Emergency department visits (EDVs) greatly outnumber hospitalizations and can differ noticeably from them by diagnostic composition, demographics, quantity, and temporal characteristics (Winquist et al. 2012). Most ozone-respiratory EDV studies have focused on asthma, yielding a significant relationship when pooled in a review by Ji et al. (2011). However, despite plausible hypotheses connecting ozone with other respiratory outcomes, links to EDVs for non-asthma outcomes have been less evident. Characterizing how ozone exposures relate to these outcomes may help identify important biological mechanisms of airway disease and better delineate the breadth and scale of ozone’s impacts. Furthermore, a number of climate change models predict future increases in ozone related to rising temperatures in a number of regions (Ebi and McGregor 2008). Thus, ozone studies could help illuminate consequences of both near-term and future exposure scenarios, quantify health impacts, and inform important policy decisions.
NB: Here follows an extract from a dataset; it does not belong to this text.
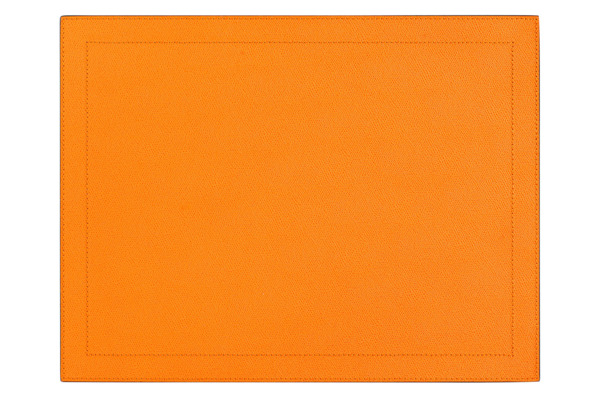 Салфетка подстановочная прямоугольная  Giobagnara Морис 42х32 см, оранжевый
In this study, we examined ozone exposure and respiratory EDVs in California, a state with both comprehensive records of EDVs and large variations in ozone levels, including areas failing to meet national and state Ambient Air Quality Standards [California Air Resources Board (CARB) 2014]. California has numerous monitors for ozone and other gaseous pollutants, facilitating an examination of confounding by other air pollutants. Additionally, its large, demographically diverse population allows us to explore possible effect modifiers of the relationships we may observe. We utilize these advantages to present an in-depth analysis, examining a population living near ozone monitors to reduce possible exposure misclassification.

Methods

Health Outcome Information

The California Office of Statewide Health Planning and Development provided cause-specific emergency visit data for 2005 through 2008 (California Office of Statewide Health Planning and Development 2011). Records were compiled from the Emergency Department (ED) Data and the Patient Discharge Data (PDD), which covered outpatient and inpatient hospital visits, respectively. From PDD records, we included only hospitalizations originating in the ED. Inpatient visits reported date of admission, not ED presentation, so exposures were linked to that date.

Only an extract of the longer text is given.